Explaining drugs to a computer, and helping that computer explain them to its friends: Early experience with scalable knowledge base development and implications for the Semantic Web

Mark S. Tuttle, FACMI, VP Apelon, Inc.
with John Carter, PhD('02) Apelon, Inc.
Kevin Keck, Keck Labs
Steven Brown, MD Veterans Administration / Government Computer-based Patient Record

MTuttle@apelon.com

Abstract

Computers need to talk to one another about drugs. Experience suggests that both computers will need access to a reference model - AKA an ontology - if each is to "understand" drug, i.e., medication, messages sent between them. Such a reference model, more specifically a medications Reference Terminology (mRT), "defines" medications for a computer. The definition specifies "identity," what a medication is, and "function(s)," what a medication is used for. However, the critical parts of the definition specify "similarity" along various dimensions, e.g., IS_A hierarchies for chemical structure class, mechanism of action, pharmacokinetics, and therapeutic use. A preliminary version of mRT - 600 active ingredients and 1,100 "orderables" represented in Description Logic - has been deployed in a terminology server in support of demonstration applications. The next phase of the project will be to scale mRT to cover all important active ingredients and tens of thousands of "orderables," and to accommodate "new drug" transactions. The latter clarifies an important shortfall of current work on the Semantic Web.
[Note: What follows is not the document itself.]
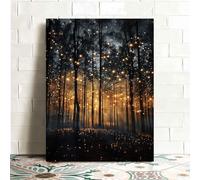 JKEVCBIAX This Enchanting Artwork Depicts a Magical Forest with Glowing Fireflies And a Fairy Tale Theme, for Home Decor Artwork(21x30cm/No frame)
Since mRT will never be "done" and since it will be "perfection seeking" an important requirement is that it be recognized by humans and by applications as a dynamic resource. Specifically, databases of patient descriptions should not be rendered obsolete by changes to mRT. We believe mRT provides a working context in which to test and deploy Semantic Web constructs and standards.

Biography

Mark studied engineering, applied mathematics and computer science at Dartmouth College, the Thayer School of Engineering, and Harvard. He taught computer science at UC Berkeley, and medical information science at UC San Francisco. At UCSF Mark led one of four national teams working on the NLM (National Library of Medicine) UMLS (Unified Medical Language) initiative. The UCSF team led development of the UMLS Metathesaurus. In 1988, the Metathesaurus team moved to Lexical Technology. In 1999 Lexical merged with Ontyx to form Apelon. Currently, Mark is part of teams creating and applying formal terminologies for medications, mouse models of disease, and anatomical structure.